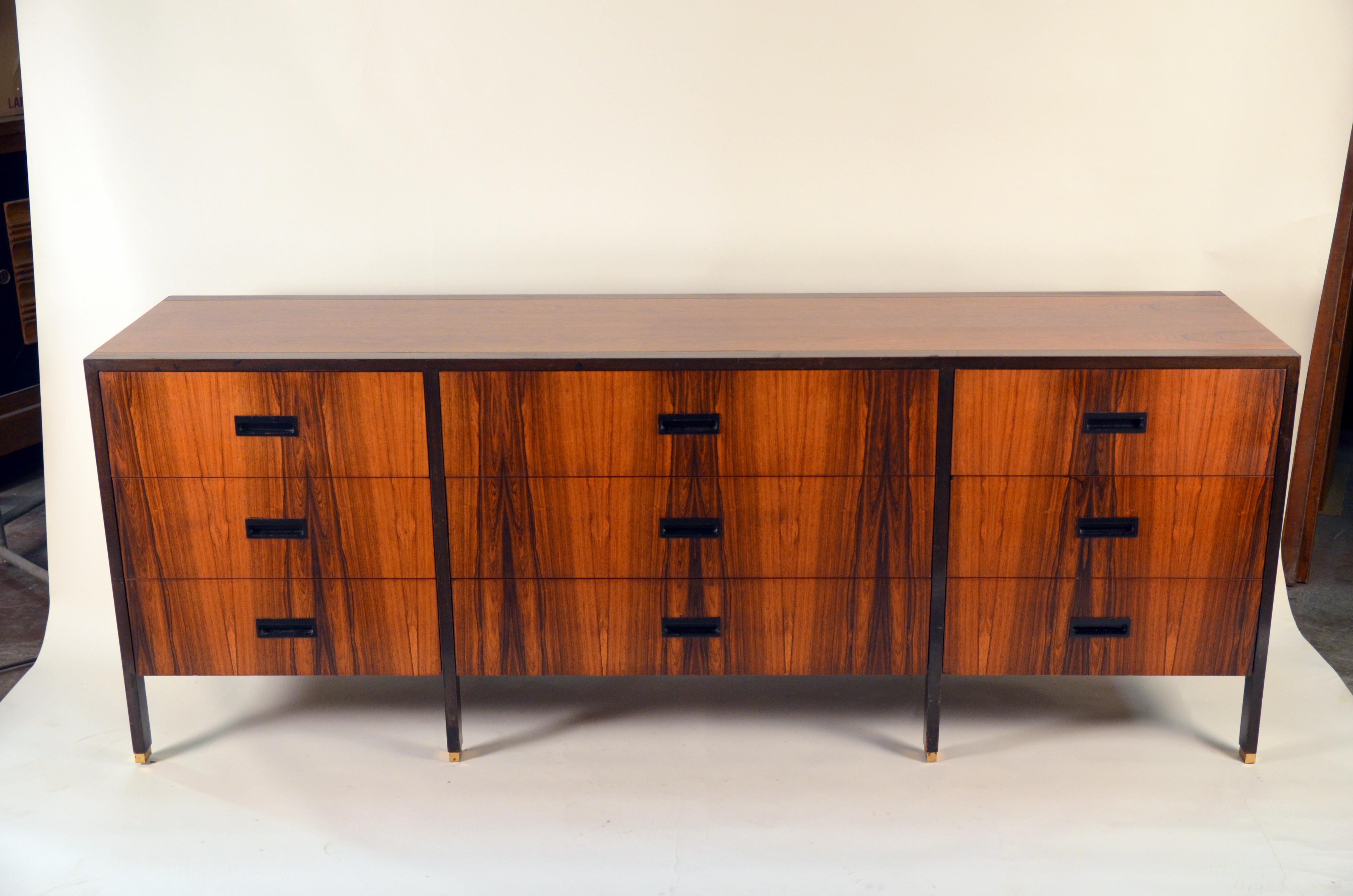Exceptional Harvey Probber 9-drawer dresser in rosewood and ebonized mahogany with brass feet.

Harvey Probber (1922-2003), a design autodidact in a profession largely dominated by formal architectural training, began his creative career at age 16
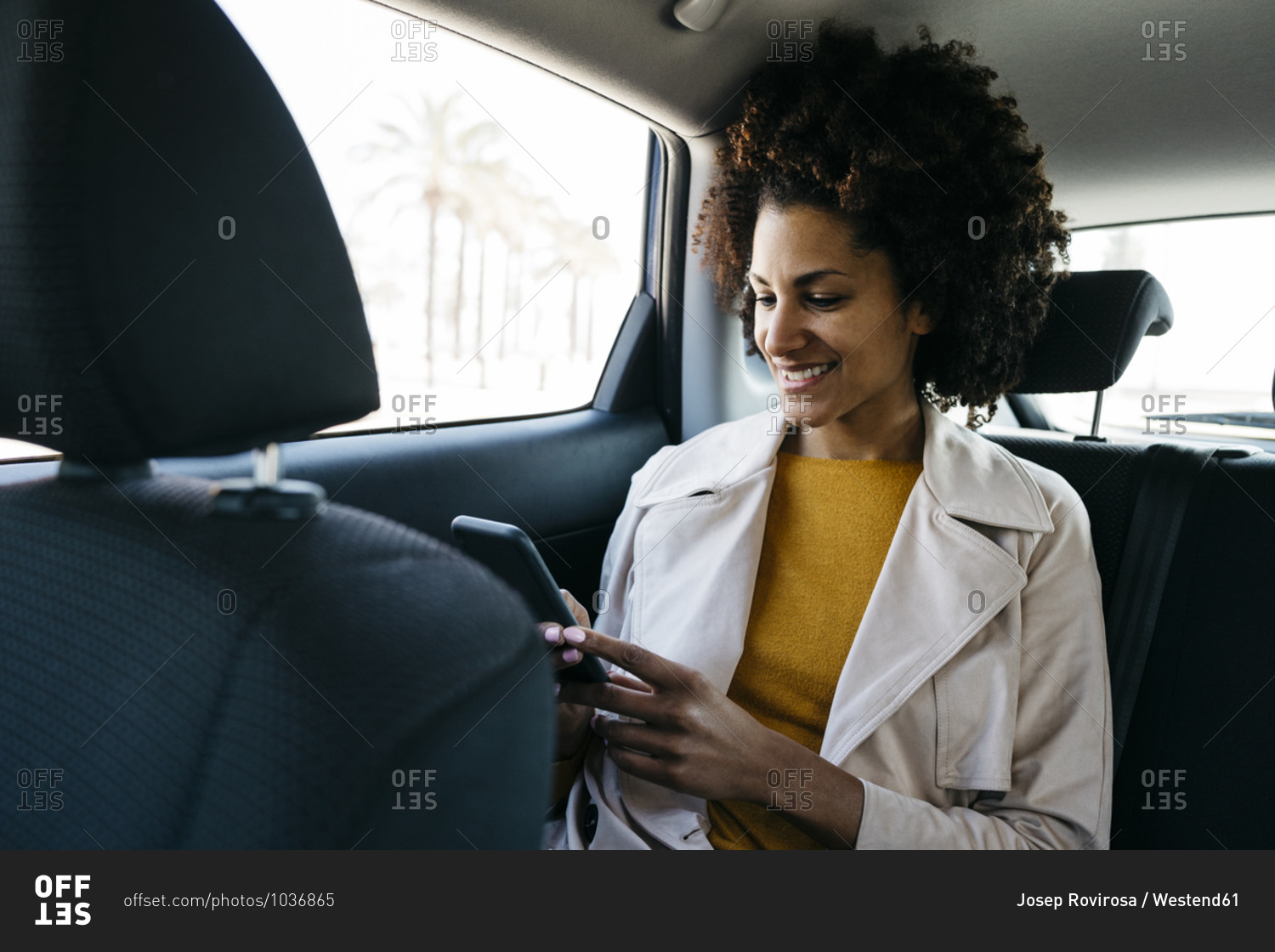 Smiling woman sitting in back seat of a car using cell phone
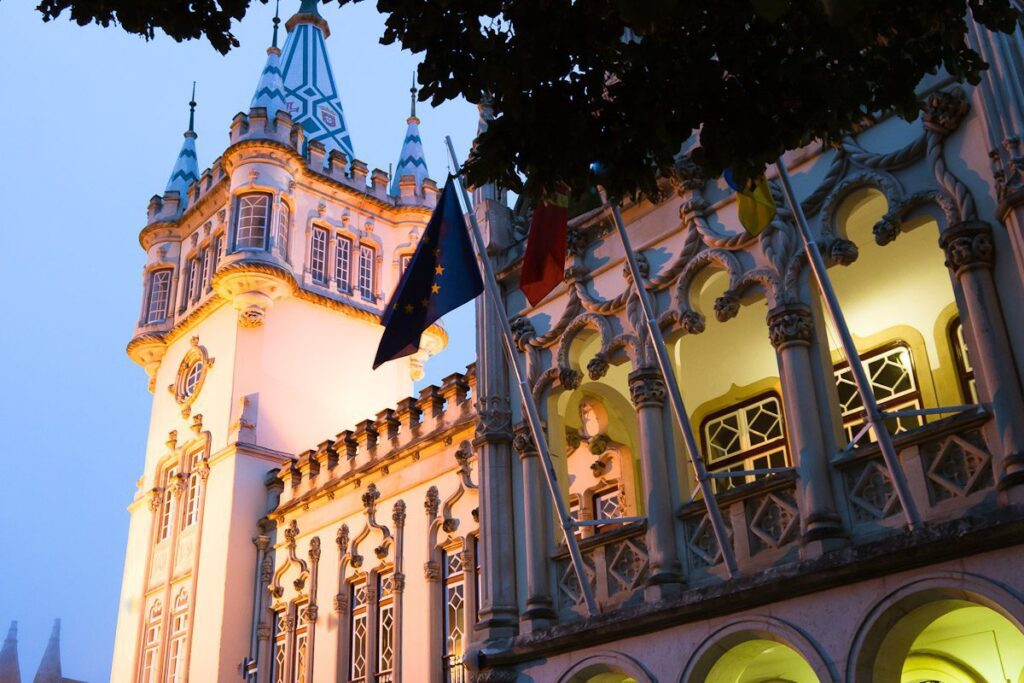 Twilight Gothic architecture illuminated by warm light and colorful flags at dusk.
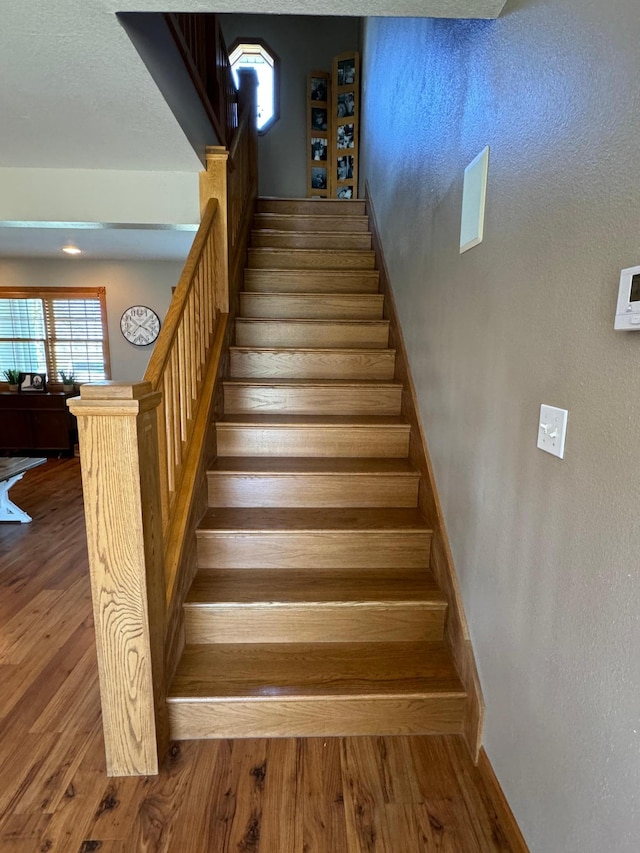 310 7th St SW, Roseau, MN 56751 - stairway with wood finished floors and baseboards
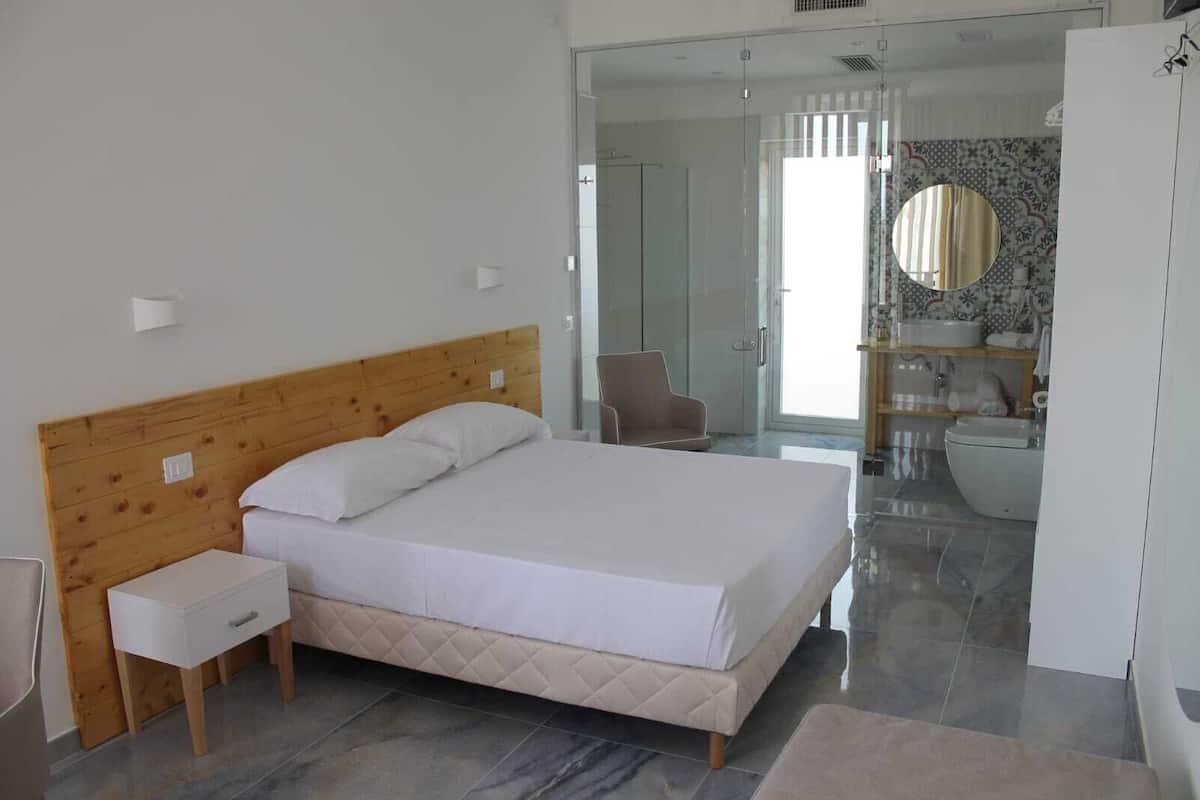 Une chambre moderne avec une tête de lit en bois, un lit simple, une table de chevet et une salle de bain visible à travers une porte ouverte.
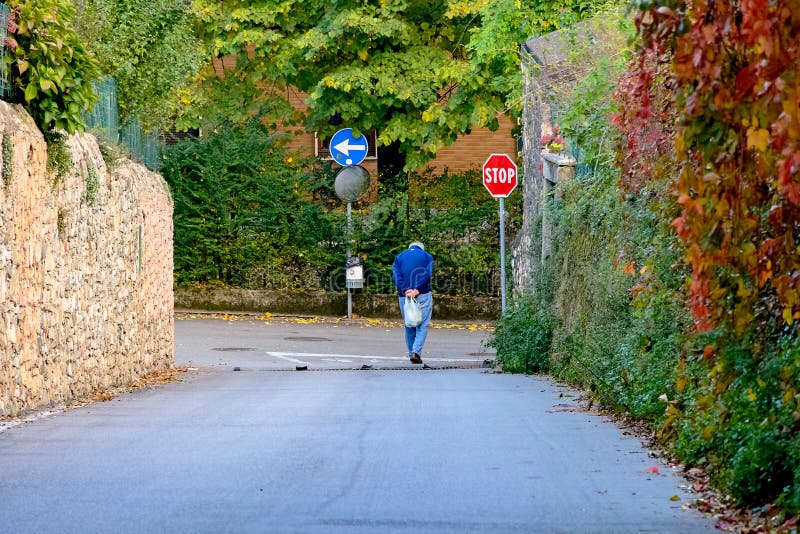 Single hunched old man walking down the street. Social problems of old age, poverty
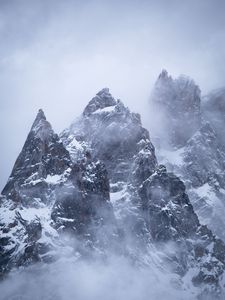 Preview wallpaper mountains, peak, rocks, snow, clouds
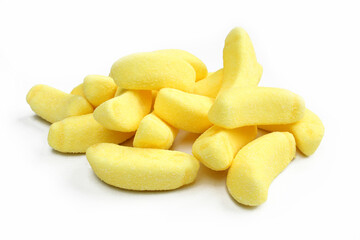 Group of foam banana sweets isolated on white background. Candies for kids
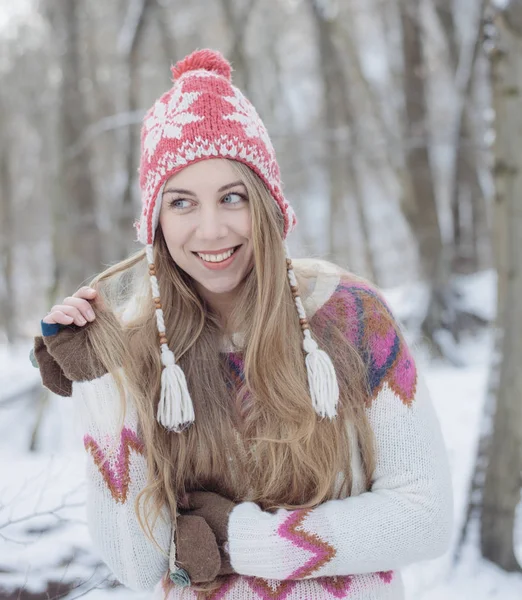 Şapka giyen genç güzel sarışın kadın portresi kış ördü. Kış Güzellik moda kavramı kar yağıyor. Arka plan üzerinde karlı orman. — Stok fotoğraf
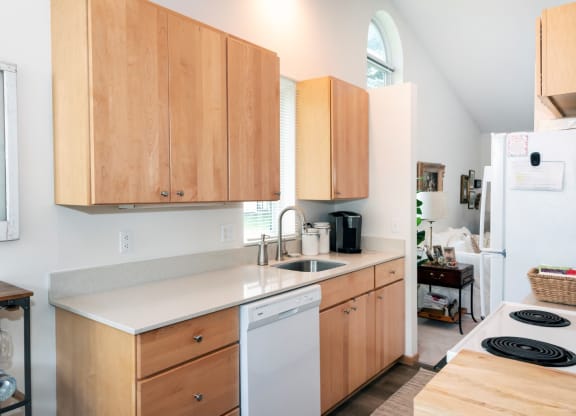 a kitchen with wooden cabinets and white appliances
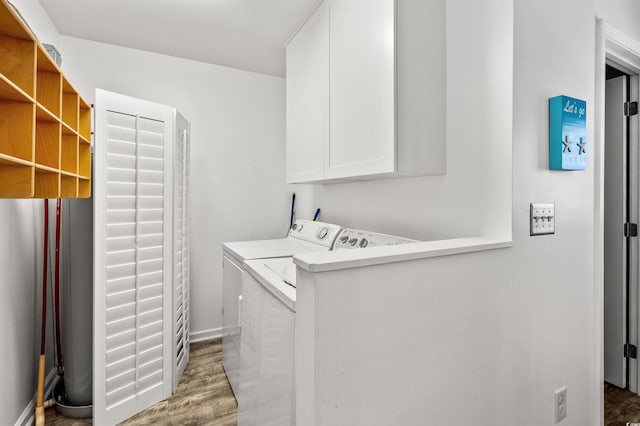 clothes washing area featuring cabinet space, wood finished floors, and washing machine and clothes dryer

DIRECTIONS: Only the lines from the line with "Single hunched old" to the bottom of the material above should be reproduced, exactly and without pictures.

THE COMPLETED TASK:
 Single hunched old man walking down the street. Social problems of old age, poverty
 Preview wallpaper mountains, peak, rocks, snow, clouds
 Group of foam banana sweets isolated on white background. Candies for kids
 Şapka giyen genç güzel sarışın kadın portresi kış ördü. Kış Güzellik moda kavramı kar yağıyor. Arka plan üzerinde karlı orman. — Stok fotoğraf
 a kitchen with wooden cabinets and white appliances
 clothes washing area featuring cabinet space, wood finished floors, and washing machine and clothes dryer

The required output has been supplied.